In a chapter entitled, “A Tale of Two Jesuits: Leonard Feeney, SJ, and John Courtney Murray, SJ”, Cuddihy suggests that the real animus of Feeney wasn’t non-Catholics  –it was Commonweal Catholics.

Father Feeney’s From the Housetops was was founded not primarily to win Protestant converts but to attack Catholic liberals.  It was to be a weapon in an intra-Catholic quaqrrel. Like its lineal post-Vatican II descendant of twenty years later, L. Brent Bozell’s Triumph magazine, it was created to proclaim an unembarrassed and militant Catholicism and to stem the “leakage” from the Church that was becoming increasingly evident. (p.50).

. . .

It was the growth of these well-bred, tolerant manners, the phenomenon of Irish Catholic “liberal Catholicism,” that Father Feeeney and his Center conceived of themselves as trying to stem. Commonweal magazine was the weekly voice of this liberal Catholicism.

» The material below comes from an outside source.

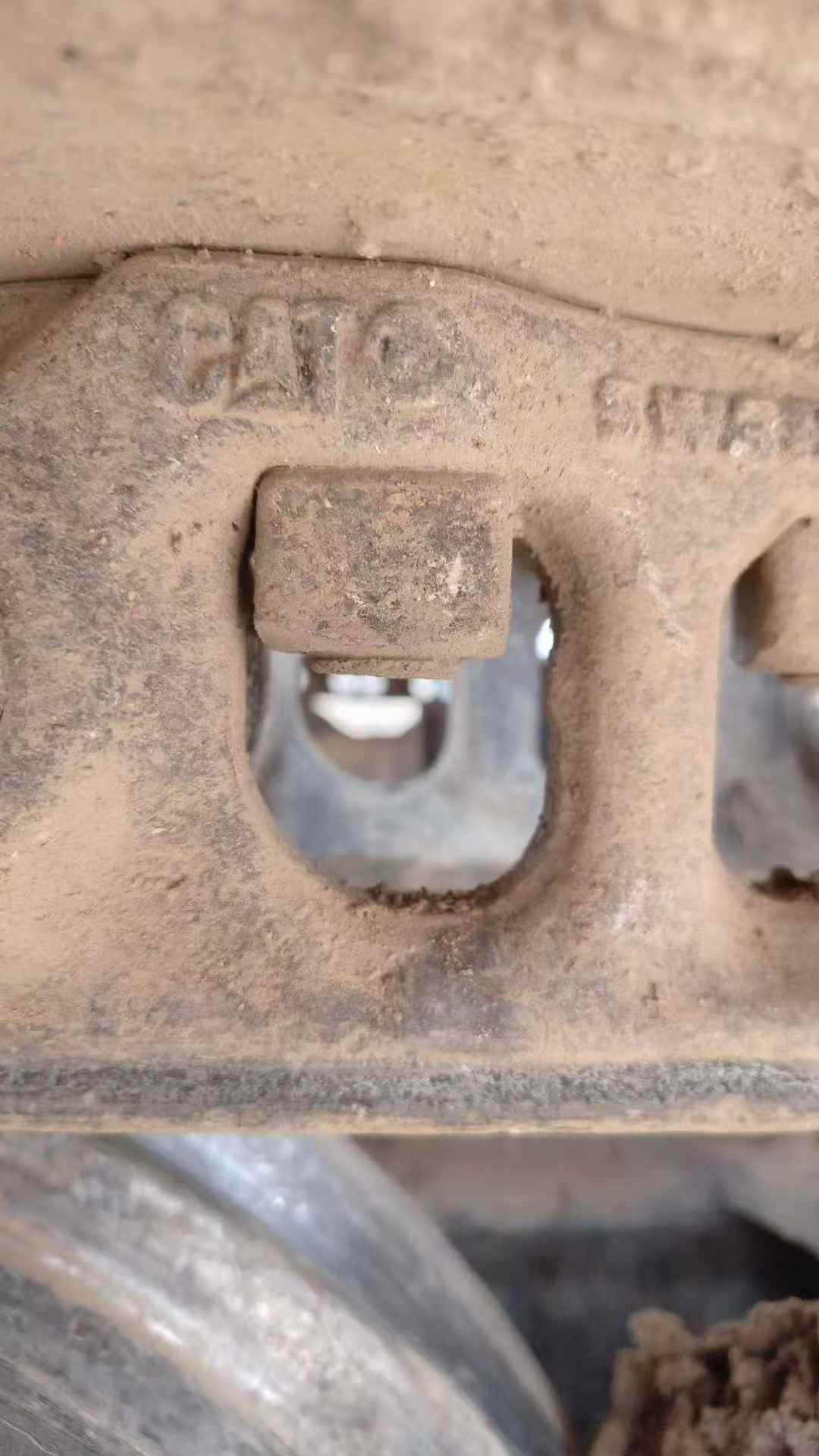 Used Caterpillar 320A Excavator 2018 Model / 9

A “Commonweal Catholic,” in Feeney’s circle, was a Catholic who was fastidiously discrete about his Catholicism. He was “passing.” A liberal Catholic, Mrs. Clarke writes, is one who always knows “how god should behave. God’s behavior is invariably made to conform with the Liberal’s own fine feelings . . . [he knows] how an incarnate God should talk ad behave . . . [he] does not like the statement “No Salvation Outside the Church” [not because the statement is false but] because “it isn’t nice.” (p. 55).

Cuddihy is quoting Catherine Goddard Clarke, The Loyolas and the Cabots: The Story of the  Boston Heresy Case (1950).  She was the President of the Harvard Center run by Feeney.  I’m trying to get the book.

Three things struck me:

1.  It would be fun to see some of the Commonweal editorials of the time.

2.  The more things change, the more they stay the same.

3.  Some things that aren’t nice are also not true.

More perspective:   Avery Dulles on Father Feeney’s death.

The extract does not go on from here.